Research Note ยท Verification and Vagueness

Three-Valued Logic as a Verification Layer for Fuzzy Data

The aim is not to eliminate fuzziness, but to build a formal verification layer that remains inferentially stable when predicates are borderline, weakly grounded, or semantically underdetermined.

Three-valued logic Verification Vagueness

One of the most promising directions in current work on vagueness is not the attempt to eliminate fuzziness altogether, but to build formal systems that remain inferentially stable when predicates are borderline, weakly grounded, or semantically underdetermined. That is the core motivation of an ongoing research program around three-valued logic: not to solve higher-order vagueness once and for all, but to develop a usable verification framework for arguments, data, and results produced under fuzzy conditions.

The key starting point is a negative result. Standard degree-theoretic approaches, especially those associated with many-valued semantics, are often attractive because they track graduality. A predicate such as is red, is safe, or is clinically significant does appear to admit cases that are more or less fitting. But Edgington's criticism remains decisive: numerical truth degrees do not, in general, preserve the inferential role of statements in context. Two premises can receive the same scalar values while supporting materially different conjunctions, disjunctions, or conditionals. The problem is not merely representational. It is structural. Once generalized truth-functionality fails, verification becomes unstable.

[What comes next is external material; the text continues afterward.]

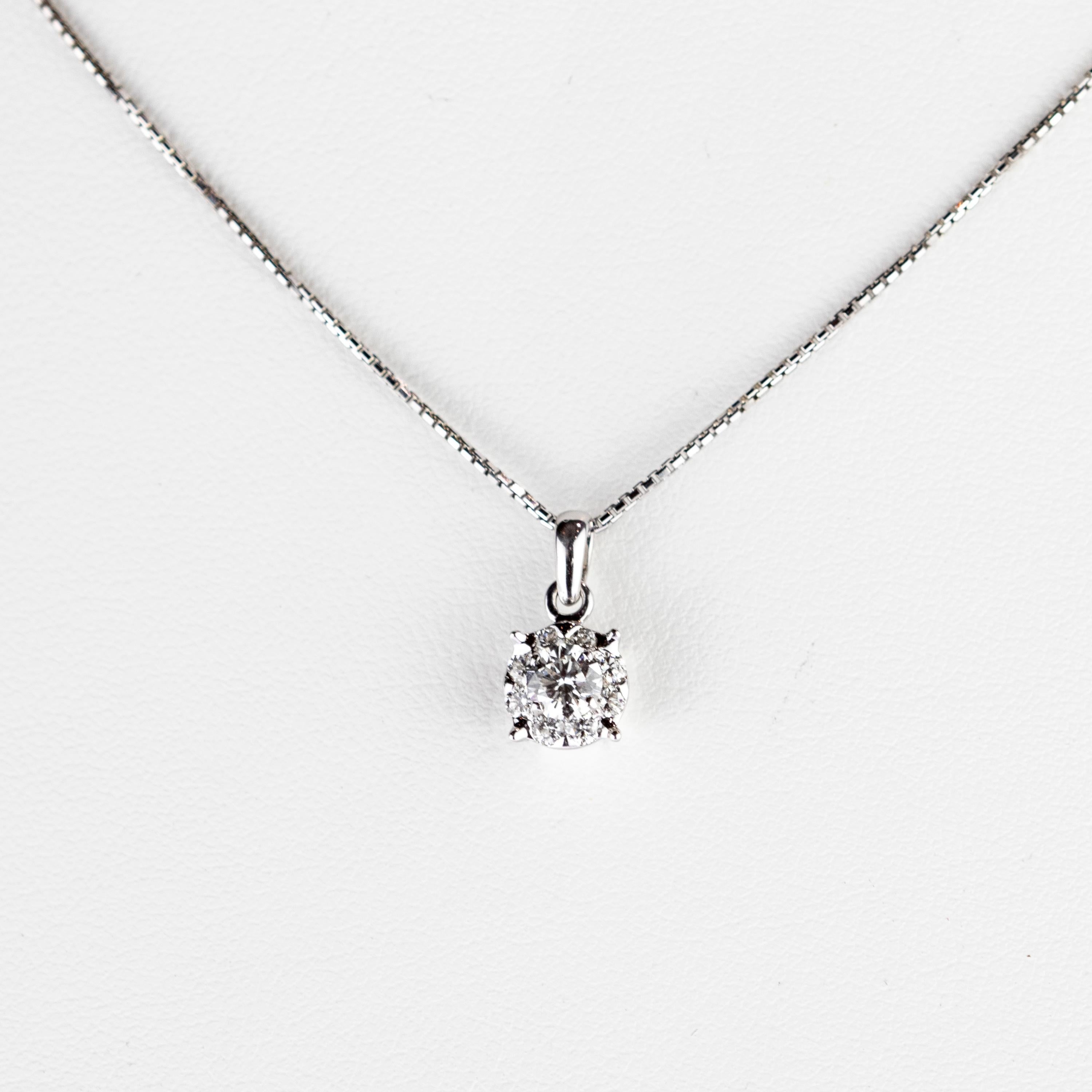 Collier cocktail en or blanc 18 carats avec pendentif en diamants ronds de 0,29 carat, fait main en vente 1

That failure is precisely where the three-valued proposal becomes interesting. Instead of adding more granularity, it reduces the semantic space to the smallest non-bivalent extension that still tracks borderline cases. The valuation space is restricted to V = {0, 1/2, 1}, where 1 marks validated truth, 0 marks validated falsity, and 1/2 marks a genuine borderline status. The formal goal is not metaphysical completion. It is conservative extension. Classical logic should remain intact on crisp cases, while fuzzy cases receive an explicit third status rather than being forced into premature bivalence.

The resulting framework inherits standard many-valued machinery, but only in its discrete form. The novelty is not that these clauses are mathematically exotic. It is that, once restricted to three values, they recover a much stronger form of compositional discipline than dense degree semantics typically can. In other words, the framework gives up fine-grained scores in order to retain a more robust inferential architecture.

This matters for verification. In practical systems, the hard problem is rarely that we lack enough decimal points of uncertainty. The harder problem is that noisy or vague inputs are routinely converted into outputs that look more precise than the warrant allows. A three-valued verifier blocks exactly that failure mode. It lets a system distinguish between three formally meaningful states: accepted, rejected, and unresolved. That third state is not rhetorical caution. It is a semantic value with rules of propagation.

That makes the framework directly relevant to data validation and result checking in fuzzy environments. Suppose the relevant predicates are records match, sample is contaminated, model output is safe, or evidence supports claim C. In all of these settings, a binary validator is too coarse, because borderline cases are real and operationally important. But a continuous fuzzy score is often too weak as a basis for validation, because it does not guarantee inferential stability across compound claims.

The broader research program, then, is not just philosophical. It is methodological and computational. The aim is to design logics for environments in which predicates are semantically fuzzy but reasoning still needs to be audited. That includes database integrity under weak labels, AI-system evaluations under ambiguous criteria, scientific inference under noisy thresholds, and policy reasoning where legal or ethical categories are not cleanly partitioned.

The central hypothesis is that three-valued logic may supply a better validation layer than either strict bivalence or unconstrained fuzzy semantics: stronger than binary classification where the world is not binary for us, and more disciplined than dense degrees where inferential compositionality matters.

There is an obvious limitation. Three-valued logic does not defeat higher-order vagueness. Borderlines of borderlines remain. But this is not a defect in the research program; it is one of its clearest methodological commitments. The relevant benchmark is not complete metaphysical elimination of vagueness. The benchmark is whether a formal system improves validation under conditions of unavoidable fuzziness while preserving as much truth-functionality as possible. On that benchmark, three-valued logic is not a final answer. It is a credible path forward.